Results and Discussion
The pulsed current processing (PCP) of micron-sized Al (80 at.%) and W (20 at.%) powder mixture (denoted as m-80Al20W) resulted in formation of particulate reinforced Al matrix composite (Al-MMC). The density of the composite is 6.3 g/cm3, which is higher than its theoretical density of 5.9 g/cm3, calculated using the rule of mixture. The fact that the density of the composite has exceeded theoretical density could be attributed to the loss of Al from the die during PCP under combined effect of temperature, pressure and vacuum. The X-ray diffraction (XRD) data of Al-MMC in Fig. 1a indicates the formation of Al4W and Al12W intermetallic phases in addition to Al matrix and W reinforcements. This infers that Al and W reacted during PCP to form equilibrium intermetallic phases following the Al-W equilibrium phase diagram. The microstructure of Al-MMC in Fig. 1b shows the homogenous distribution of bimodal particulate reinforcements of 2–5 µm (Al12W) and 20–50 µm (multi-phase structure) in Al matrix. The XRD data and microstructure in Fig. 1 suggest that the Al-MMC consist of Al and W as major phases and small fraction of Al4W and Al12W intermetallics. The high magnification inset in Fig. 1b reveals the formation of intermetallic dual-layer structure at the Al/W interface. The energy dispersive analysis (EDS) confirms that layers formed around W particles are Al4W and Al12W intermetallics (Supplementary information, Fig. S1). The intermetallic phases grow in layers as suggested by multilayer growth mechanism in diffusion couples19,33,34. Initial nucleation of intermetallic compounds starts at the boundary of Al/W interface. The subsequent grain growth is controlled by solid-solid diffusion. Because the Al12W phase is relatively rich in Al, it expands predominately towards Al phase, while Al4W grows towards W. Meanwhile, the outmost Al-Al12W interface shows evidence of disintegration and migration of particles from Al12W layers resulting in observed presence of Al12W particle reinforcements of 2–5 μm in Al matrix (Fig. 1b). The W reinforcements showed a hardness of elemental W, 4.35 GPa, and Al matrix reinforced with Al12W particles showed a hardness of 0.45 GPa, which was increased 50% of pure Al due to the incorporation of intermetallic phases in Al matrix.
The influence of heating rate on inter atomic diffusion process in m-80Al20W system and formation of intermetallic compounds in the composite was studied by Differential Scanning Calorimeter (DSC) in the temperature range 30–1000 °C. DSC curves of 5 °C/min, 10 °C/min and 20 °C/min in Fig. 2 show distinguished thermal events, indicating higher data resolution at raised heating rate35,36. The onset of first endothermic event that starts at around 660 °C is attributed to the melting of Al, as Al has a melting point of 660 °C. The melting of Al is followed immediately by the formation of intermetallics which is related to the exothermic peaks.
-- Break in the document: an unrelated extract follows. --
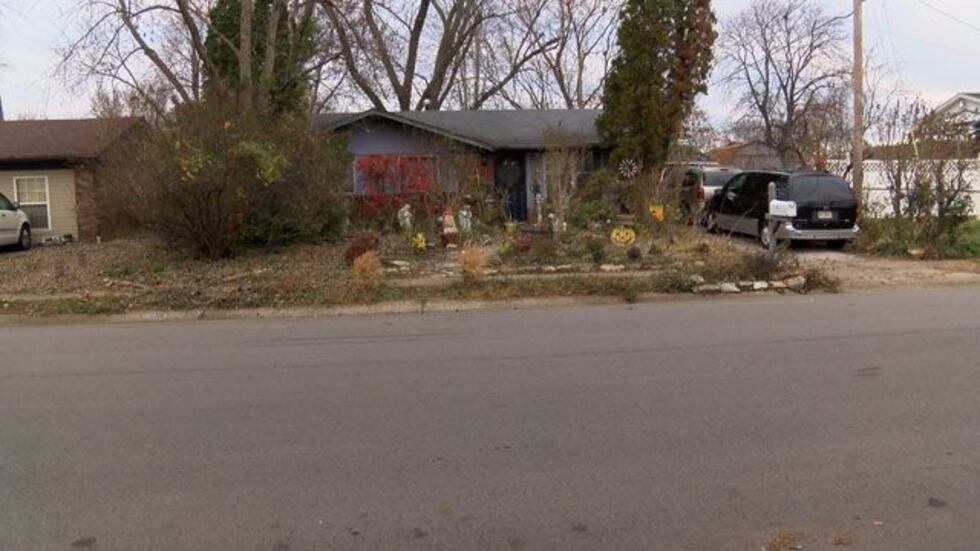 The incident happened in front of this home on Redwood Drive. (Source: Todd Hoyer/WAVE 3 News)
In the case of heating rate of 20 °C/min, the two exotherms appear at 720 °C and 738 °C respectively, which refer to the formation of two different compounds: Al4W and Al5W. The XRD patterns in Fig. 2(c) show good consistency with Al4W and Al5W reference diffraction patterns indicating a high fraction of equilibrium intermetallic phase Al4W was formed and low fraction of Al5W was also detected (Supplementary Information, Fig. S2), which is consistent with the appearance of two exothermic peaks in DSC data (Fig. 2(a)). The complete phase transformation is attributed to lower heating rate compared to PCP.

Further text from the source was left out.